I found Can you tell 128kbps AAC from the original? Take the test! via Digg quite fascinating today.
Since the iTunes Music Store opened, a lot of people have complained about the DRM-infested low-quality music they sold. I’ve often countered that the vast majority of users couldn’t tell one level of high-quality music from another1.
Finally, it looks like this simple experiment has proven my point. If you look at the stats, on roughly every track about half of the people were wrong when they tried to pick the lower-quality and the original tracks apart. If you further take into account that there’s a 50/50 chance you’ll simply guess correctly every time, that means that in fact a huge majority of people don’t have a clue which track is the original - we’ll conservatively say 75% of the overall tested population.
Have you taken the Apple Challenge?
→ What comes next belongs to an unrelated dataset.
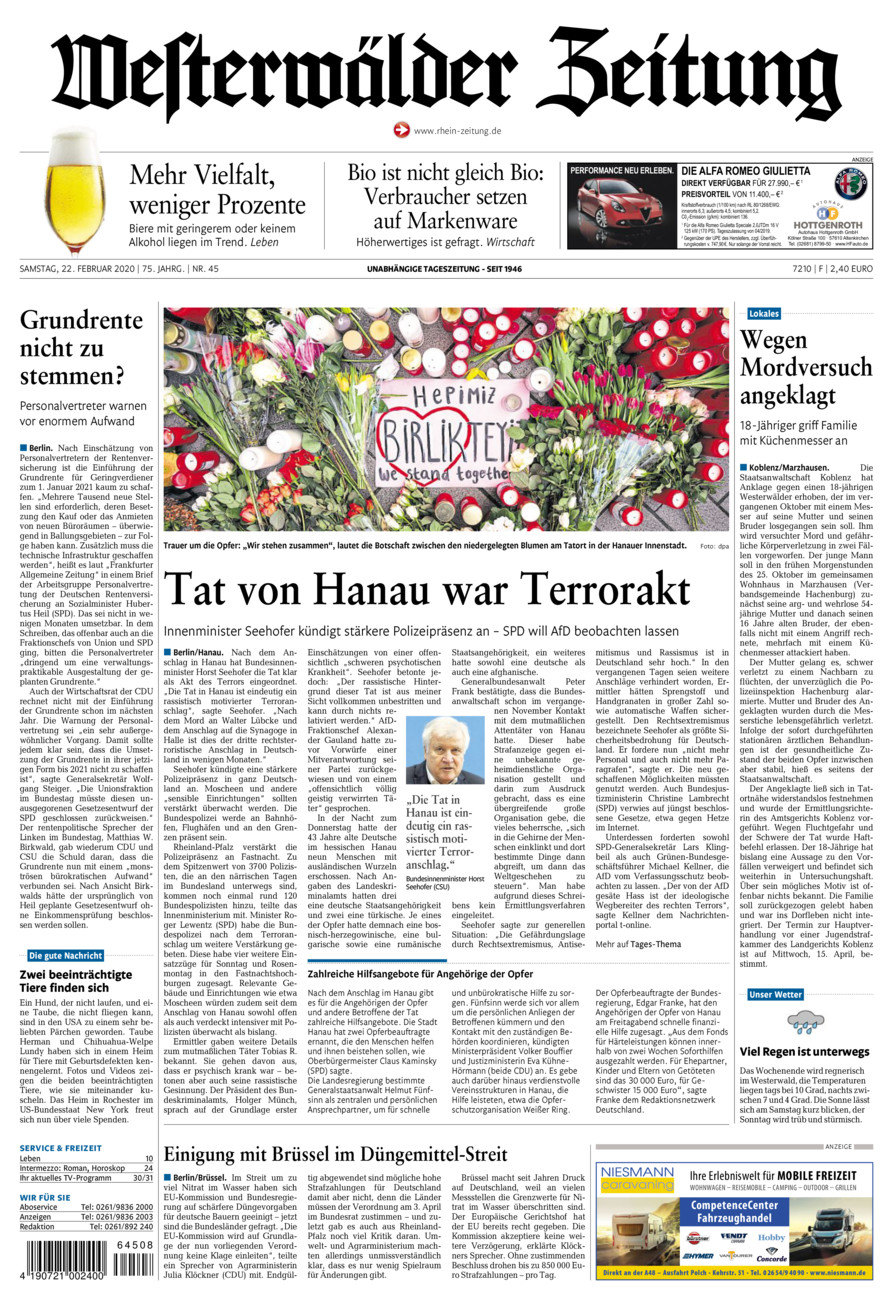 Westerwälder Zeitung vom Samstag, 22.02.2020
Blindfold your ears and see if you can tell the difference between the encoding…
By the way, the site withstood the Digg effect by hosting their audio files on Amazon’s S3 service. Very cool!
- I used to have a friend that ripped all his CDs at outrageous bitrates - like 400+ - and claimed he could easily tell the difference. Personally, I think it was just the drugs having rotted his brain, but whatever… [back]
Totally agree, I know some people that won’t listen to any kind of compressed format at all, they just plug CDs into their computer. Quite inconvenient.
On an unrelated note, lose the SK2 and BB shit from your footer and while you’re at it, get a decent theme.
Rip? CD’s? Bah, the only good sound you get is from vinyl! Roy Orbison never sounded so good!
Just kidding. I do all my rips at 192, mainly because I can then down convert later if need be, and I have the disk space so why not.